Но если душа способна продуцировать свое содержание, которое не поддается описанию, то, следовательно, не вся деятельность человека объяснима только как сознательная. Значит человек не только homo sapience, но и человек бесконечный в своем обладании хранилищем душевных образов. Один только разум не делает человека способным воспринимать глубинные образы, не отделимые от него самого. Как только образ становится объектом сознательного разбирательства, он превращается в конечную конструкцию, т.к. с бесконечностью человеческое сознание не работает.

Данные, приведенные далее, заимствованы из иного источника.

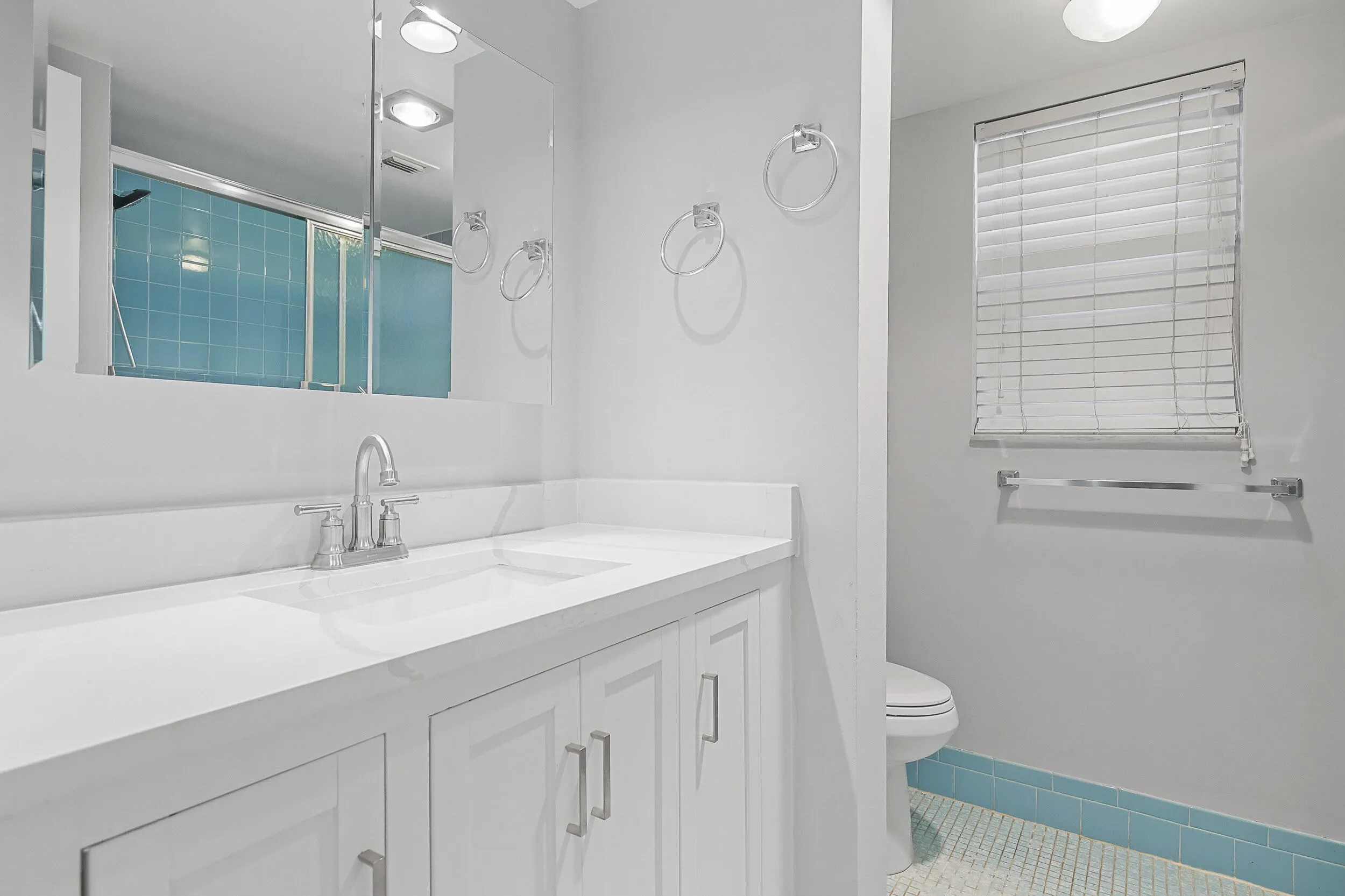 3951 Via Poinciana #211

В результате мы приходим к тому, что образы памяти суть признаки наличия у человека душевных проявлений, которые невозможно отделить от самого человека для осознания и последующего обыденного описания. Но это говорит о наличии субстанции, которая включает нас как существо разумное, лишь как собственную часть. Наше сознание подчинено этой субстанции, и как только оно пытается описать присущие ей образы, тотчас превращается в неуклюжий инструмент с бедными выразительными возможностями. Более того, не сознание управляет этой субстанцией, а наоборот, оно выполняет второстепенные функции в попытке формализации и описания. А так как упомянутая субстанция не ограничена в генерациях образов, непосредственно связанных с собственными переживаниями, то можно представить ее как неисчерпаемое море, в котором плавает наше бренное сознание, тщетно пытаясь осознать каждую молекулу этого моря. А теперь смелый вывод – сознание рано или поздно исчезнет, но это море останется, т.к. исчезнуть может только конечное. Бесконечное исчезнуть не может, если причина исчезновения выразима конечными средствами. Отняв от бесконечности конечное, мы нисколько не уменьшим его. Вот и доказательство бессмертия души, которая включает все бесконечные образования, формируемые людьми в земной жизни. Из чего с необходимостью следует существование Бога, который только и может распоряжаться бесконечностью, порождая или уничтожая ее. Вывод смелый, но представляется достоверным, если принять за объективное бесконечно глубокие по своему содержанию переживания, частью которых мы иногда становимся.
О рае
Не знаю, есть ли рай, и кто в него попадает, но скорее всего, есть и попадает в него те, кто сохранил в душе свое детство и не боится хранить эту частицу, трепетно общаясь с ней. Общение с детством – это как прикоснуться к истокам, которые после многотрудной жизни уже не имеют исходной прозрачности и наивности. Посмотрите на ручей, который течет из источника, где-нибудь из-под березы, или ивы. Понятное дело не из-под баобаба, как такое вообще может прийти в голову (отступление от темы)! Ручей не только прозрачен, он наивен и его назначение просто, если не сказать примитивно, – напоить, успокоить и усладить своим щебетаньем. Он течет и не знает, что впереди его ждет превращение в реку – работягу, которая будет добывать, переносить, взращивать, сопровождая это всеми житейскими радостями и огорчениями. И забудутся прекрасные мгновения детства, когда он собирал вокруг себя только восхищение путников, впрочем, как и самих путников, не стеснявшихся встать на колени и губами прикоснуться к истокам. Каким бы ни был путник, святой или злодей, гражданин или гражданка, а может быть даже господин, все в этот момент прикасаются не только к воде, но и к своему детству, когда они еще не впряглись в житейские оглобли, и порхают как ангелы, уверовав, что хотя Земля и стоит на трех китах, но крутится она все-таки вокруг них.